Ms. Trump is now a co-chair of the Republican National Committee, which, soon after her arrival, announced it would link up with the Trump campaign for joint fund-raising. The joint entity prioritizes a PAC that pays Mr. Trump’s legal fees over the R.N.C., The Associated Press has reported, making assurances from Mr. Trump’s campaign co-manager that R.N.C. funds wouldn’t be used to pay Mr. Trump’s legal bills seem more hollow.

This election, the Trump campaign and four of its PACs have paid Red Curve Solutions, another private company, at least $18 million. The Campaign Legal Center says Red Curve appears to pay Mr. Trump’s legal bills and then gets reimbursed by the PACs. (The law is murky on what types of legal bills can be paid by campaigns, but some are allowed.) The head of Red Curve also serves as the treasurer for the Trump campaign as well as the affiliated PACs.

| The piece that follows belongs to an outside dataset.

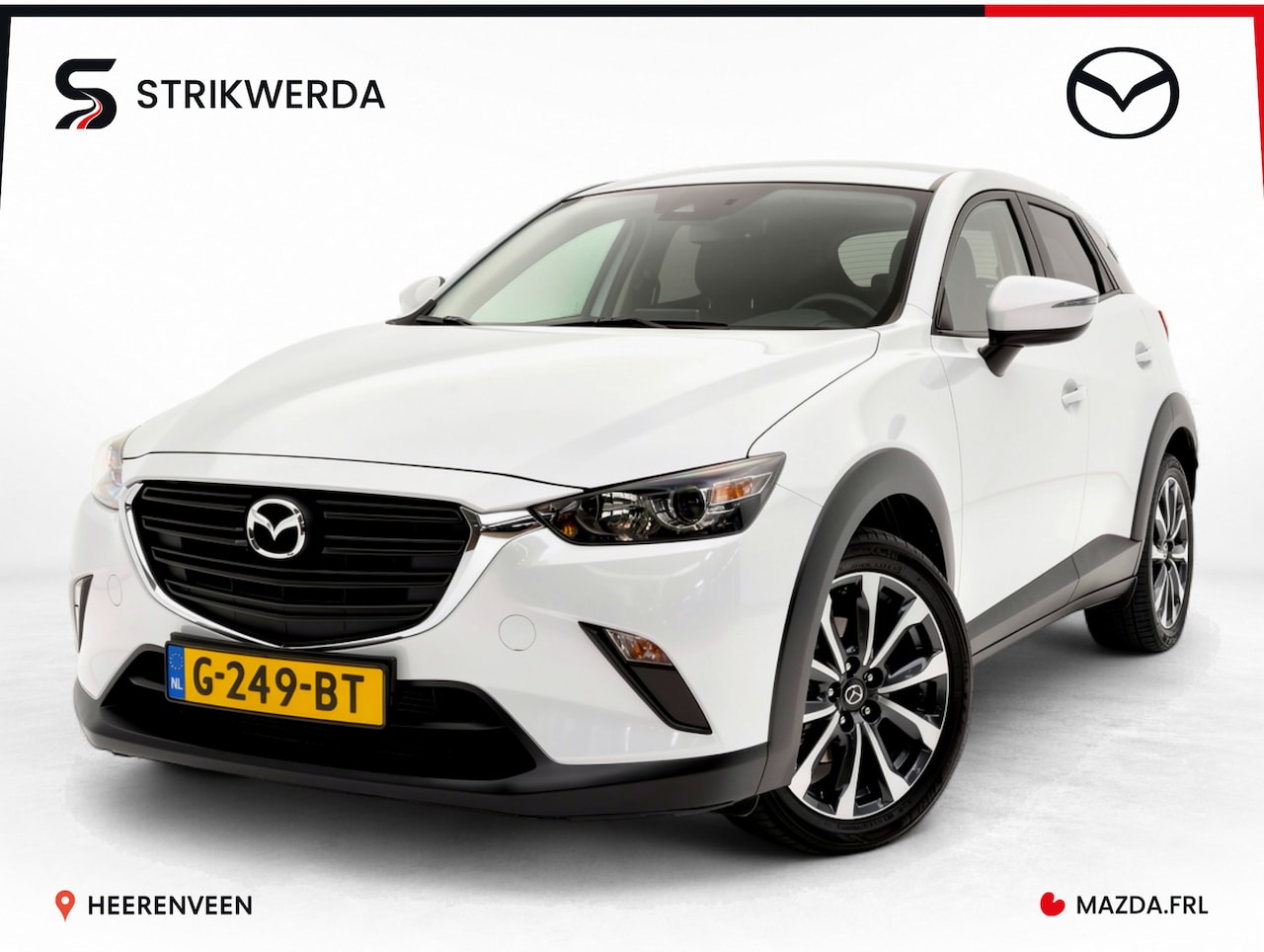 Mazda CX-3 - 2.0 SkyActiv-G 120 Sport Selected Stoelverwarming | Cruise | Camera - AutoWereld.nl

What percentage of donor contributions go to lawyers defending Mr. Trump? It’s impossible to know.

In June, NBC revealed the existence of a new mystery company, called Launchpad Strategies. Launchpad took in almost $15 million in Trump political cash via the Trump Save America Joint Fundraising Committee and the Trump National Committee. Little is known about this new group. It was created in 2023 and the Trump campaign says it is related to fund-raising. We don’t know who owns it, who runs it or where the $15 million went.

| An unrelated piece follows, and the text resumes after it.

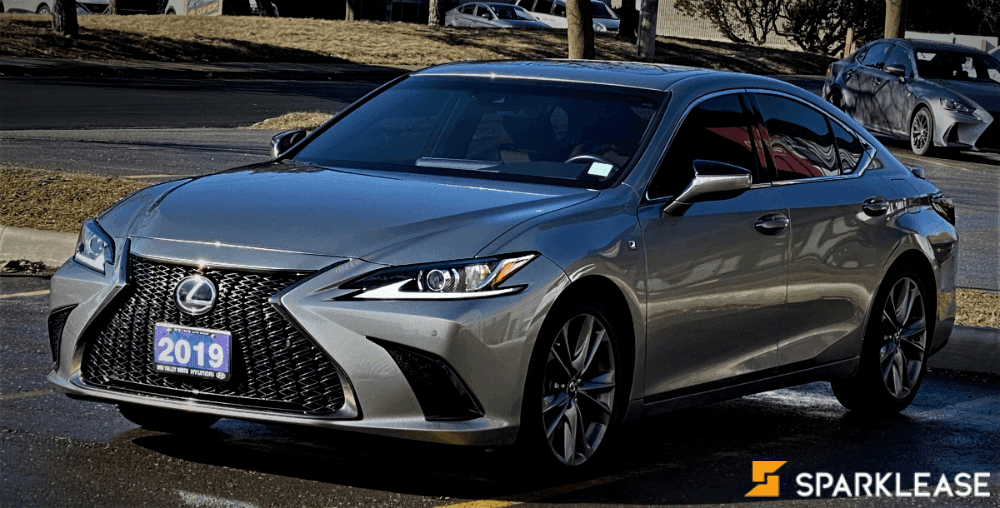 2019 Lexus ES 350 F SPORT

It seems likely Mr. Trump is keeping close tabs on donations flowing through campaign vehicles controlled by family members and loyalists. But from early March through July of this year, the Biden and now Harris campaign outspent the Trump campaign three to one on advertising. By late May, the Democratic campaign had opened 200 field offices and hired 1,000 staff members in key states. The Trump campaign didn’t open its first office in the crucial battleground of Pennsylvania until June. The Biden campaign had 24 there in April.

Mr. Biden’s campaign also spent donor cash on legal bills, though apparently in far smaller quantities. It paid over $1 million for attorneys during a special counsel probe of the president’s handling of classified documents, The Associated Press reported in April.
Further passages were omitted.